In summary, the measurement models are clean, with evidence for unidimensionality, convergent validity, reliability, discriminant validity, and metric invariance, which enabled us to proceed to the structural model evaluation.

Structural Model Evaluation

Table 4 indicates that in each sample, all significant relationships between latent constructs are in the hypothesized direction, which provides initial evidence for our conceptual model and supports the nomological validity of the constructs. An important finding is that the relationship between perceived relationship investment and relationship quality and the positive path from relationship quality to behavioral loyalty are confirmed across all samples. This result provides strong empirical evidence for the cross-validation of this part of our conceptual model, which is especially noteworthy given that the countries examined differ considerably on demographic, economic, and cultural dimensions. Consequently, there was strong and uniform support for HS and H6.

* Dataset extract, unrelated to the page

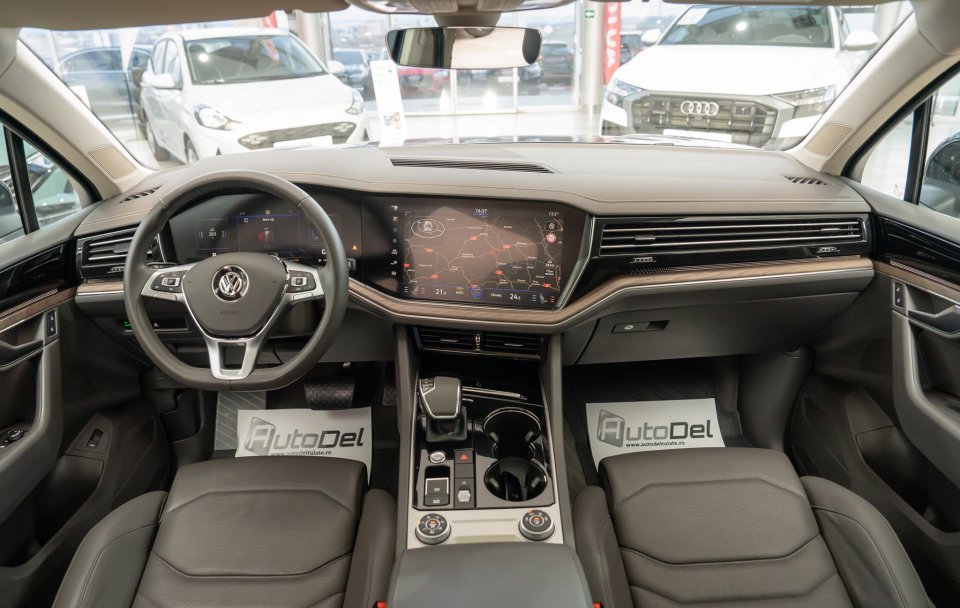 Volkswagen Touareg 3.0TDI V6 4Motion "Atmosphere"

In examining H1-H4, which explicate the associations between relationship marketing tactics and perceived relationship investment, only in the United States is there a consistent pattern of effects across the two industries. In addition, only for preferential treatment in the food industry and for interpersonal communication in the apparel industry is there a consistent pattern of effects across the three countries. Apart from these effects, the data provided mixed evidence. Specifically, direct mail had a positive impact on perceived relationship investment (H1) in three of four European samples as opposed to the U.S. samples, in which no significant paths were detected. Preferential treatment revealed a nonsignificant relationship with perceived relationship investment (H2) in all samples except for the Belgian apparel sample. Interpersonal communication had the strongest impact on perceived relationship investment (H3), being cross-validated in all samples except for the Belgian food sample. Finally, the data support a positive path from tangible rewards to perceived relationship investment (H4) in three of four European samples but do not provide evidence for this path in the U.S. samples.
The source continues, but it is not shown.